I reached out to ITEP’s Carl Davis to learn more. He wrote the paper, highlighting how voucher programs piggyback on wealthy people’s desire to avoid taxes. Add that to the problems caused by siphoning students from public school systems, and you have a recipe for disaster.

“The voucher tax policies that states have set up are just bizarre,” Davis told me via email. “You don’t usually see states paying people to give their money to private organizations, and yet that’s exactly what’s happening here. The federal tax code wasn’t written with these kinds of bizarre tax credits in mind, and so we need the IRS to step in and fill in the gaps that these things are slipping through. These problems can be fixed.”

He argues that the Internal Revenue Service needs to tax these kind of credits, given that rich folks have essentially made money from their supposed good deeds.

“It’s a new spin on the old trickle-down philosophy,” Davis said. “The states are giving money to rich people under the guise of helping regular folks.”

Or as Rep. Mari-Lynn Poskin, D-Overland Park, put it in January: “Holy tax scams, that is a masterful shell game.”

He also looks at a teacher response to the voucher proposal.

No teacher goes into the field for the money. No teacher goes into the field to indoctrinate. No teacher goes into the field to do anything other than teach children and build a future filled with knowledgeable adults. No one who signed this letter did so for the clout. They did it because they care and because they want to improve the state of Kansas.

The wealthy who would benefit the most from these voucher programs don’t give a flying fig about Kansas. Not really. Not when they have so little at stake.

If the state tumbles down the rabbit hole of underfunded public schools, with teachers fleeing in droves, the richest among us can simply pack up and leave for another state.
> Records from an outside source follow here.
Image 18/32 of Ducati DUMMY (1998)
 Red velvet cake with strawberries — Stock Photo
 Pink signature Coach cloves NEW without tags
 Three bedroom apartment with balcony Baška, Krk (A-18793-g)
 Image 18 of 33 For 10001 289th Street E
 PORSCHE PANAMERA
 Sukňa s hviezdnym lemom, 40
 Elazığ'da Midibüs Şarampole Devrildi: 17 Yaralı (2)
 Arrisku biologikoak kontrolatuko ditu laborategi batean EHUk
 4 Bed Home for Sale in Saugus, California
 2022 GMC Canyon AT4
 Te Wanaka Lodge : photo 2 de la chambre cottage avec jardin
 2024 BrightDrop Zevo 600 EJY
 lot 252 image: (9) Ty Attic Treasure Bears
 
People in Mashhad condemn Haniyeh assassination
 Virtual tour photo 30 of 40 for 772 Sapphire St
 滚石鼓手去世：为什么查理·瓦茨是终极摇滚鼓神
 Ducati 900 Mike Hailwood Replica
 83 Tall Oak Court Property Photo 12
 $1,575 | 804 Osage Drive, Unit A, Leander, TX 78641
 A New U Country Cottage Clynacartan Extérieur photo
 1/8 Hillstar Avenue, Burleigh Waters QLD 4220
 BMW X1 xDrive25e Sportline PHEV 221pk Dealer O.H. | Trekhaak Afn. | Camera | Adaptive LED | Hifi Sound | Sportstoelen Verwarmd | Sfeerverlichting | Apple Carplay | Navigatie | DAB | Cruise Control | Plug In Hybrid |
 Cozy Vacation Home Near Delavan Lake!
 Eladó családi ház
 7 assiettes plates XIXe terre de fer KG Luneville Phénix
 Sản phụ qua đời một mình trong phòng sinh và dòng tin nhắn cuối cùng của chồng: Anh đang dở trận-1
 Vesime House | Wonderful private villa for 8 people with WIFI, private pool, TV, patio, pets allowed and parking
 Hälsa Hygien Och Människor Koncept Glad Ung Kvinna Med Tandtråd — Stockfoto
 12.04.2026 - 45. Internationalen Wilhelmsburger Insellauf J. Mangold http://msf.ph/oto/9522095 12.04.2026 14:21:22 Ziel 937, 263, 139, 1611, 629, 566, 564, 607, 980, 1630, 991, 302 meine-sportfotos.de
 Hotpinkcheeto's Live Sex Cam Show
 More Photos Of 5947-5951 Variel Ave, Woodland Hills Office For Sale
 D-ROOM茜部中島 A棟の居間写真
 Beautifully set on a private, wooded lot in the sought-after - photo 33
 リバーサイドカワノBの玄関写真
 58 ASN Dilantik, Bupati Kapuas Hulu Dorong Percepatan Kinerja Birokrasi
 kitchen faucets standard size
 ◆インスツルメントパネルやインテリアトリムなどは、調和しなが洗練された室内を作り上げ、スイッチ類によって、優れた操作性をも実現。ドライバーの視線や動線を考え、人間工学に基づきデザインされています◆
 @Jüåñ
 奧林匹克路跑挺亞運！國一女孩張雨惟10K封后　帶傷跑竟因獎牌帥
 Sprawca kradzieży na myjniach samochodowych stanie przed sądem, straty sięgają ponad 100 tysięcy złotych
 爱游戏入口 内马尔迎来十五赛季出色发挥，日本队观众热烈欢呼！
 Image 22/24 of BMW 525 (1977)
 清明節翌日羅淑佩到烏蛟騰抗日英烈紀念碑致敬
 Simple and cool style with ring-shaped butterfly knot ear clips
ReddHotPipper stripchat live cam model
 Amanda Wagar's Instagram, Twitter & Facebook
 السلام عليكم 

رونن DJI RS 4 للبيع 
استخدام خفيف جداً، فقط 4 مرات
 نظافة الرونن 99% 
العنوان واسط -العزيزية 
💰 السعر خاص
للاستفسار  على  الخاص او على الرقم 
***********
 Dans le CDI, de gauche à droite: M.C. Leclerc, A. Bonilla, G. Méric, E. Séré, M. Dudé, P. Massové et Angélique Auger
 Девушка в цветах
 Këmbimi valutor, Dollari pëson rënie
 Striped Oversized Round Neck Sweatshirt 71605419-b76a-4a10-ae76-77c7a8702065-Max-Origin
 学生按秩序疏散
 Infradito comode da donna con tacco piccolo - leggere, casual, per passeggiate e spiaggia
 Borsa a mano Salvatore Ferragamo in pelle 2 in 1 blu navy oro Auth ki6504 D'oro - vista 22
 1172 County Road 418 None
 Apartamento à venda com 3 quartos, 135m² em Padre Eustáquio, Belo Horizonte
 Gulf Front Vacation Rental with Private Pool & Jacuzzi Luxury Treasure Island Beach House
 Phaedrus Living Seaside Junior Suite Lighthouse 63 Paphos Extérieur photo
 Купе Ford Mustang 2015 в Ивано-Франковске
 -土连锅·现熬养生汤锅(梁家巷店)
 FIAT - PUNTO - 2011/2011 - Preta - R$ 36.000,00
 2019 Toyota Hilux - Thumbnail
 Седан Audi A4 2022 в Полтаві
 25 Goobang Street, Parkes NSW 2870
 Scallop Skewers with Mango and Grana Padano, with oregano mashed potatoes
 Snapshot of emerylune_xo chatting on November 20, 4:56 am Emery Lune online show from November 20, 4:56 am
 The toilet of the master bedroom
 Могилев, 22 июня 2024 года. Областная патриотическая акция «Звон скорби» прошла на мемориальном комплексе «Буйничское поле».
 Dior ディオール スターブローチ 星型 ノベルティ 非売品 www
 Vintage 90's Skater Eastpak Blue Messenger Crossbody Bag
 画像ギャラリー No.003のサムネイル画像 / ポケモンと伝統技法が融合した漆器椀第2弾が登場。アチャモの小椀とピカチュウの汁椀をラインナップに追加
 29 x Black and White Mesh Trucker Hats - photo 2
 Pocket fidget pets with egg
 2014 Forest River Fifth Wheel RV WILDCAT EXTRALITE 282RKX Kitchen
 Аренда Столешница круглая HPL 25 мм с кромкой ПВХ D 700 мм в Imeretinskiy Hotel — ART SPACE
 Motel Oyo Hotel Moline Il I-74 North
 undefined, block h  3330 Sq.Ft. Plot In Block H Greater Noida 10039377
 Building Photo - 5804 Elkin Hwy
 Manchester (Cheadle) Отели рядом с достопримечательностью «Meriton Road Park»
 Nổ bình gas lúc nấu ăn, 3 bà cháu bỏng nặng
They can employ private tutors or start a school of their own. They will consider the tax savings worth the moderate trouble. Meanwhile, poor or middle-class families using vouchers will find that $5,000 a year doesn’t go nearly as far as advertised.

The teachers make this all clear in their letter: “We believe a well-educated citizenry is needed for our democracy at a state and national level to function at its highest level. We believe public education is a public good.” They add: “Every child in Kansas has a right to a high-quality education from a nearby public school.”

And he thinks he knows where the support for vouchers comes from. When it comes to that ideal of high-quality education for all…

Few rich people want that. They prefer the system that made them rich to keep it that way. The more students who learn about the world, the more who understand the forces that levitate a few while pummeling the rest, the more that rich people’s fortunes will be at risk. True education, quality education, creates citizens who ask “why?” It creates citizens who demand more from their government. And it creates citizens who believe that we all can learn and do better.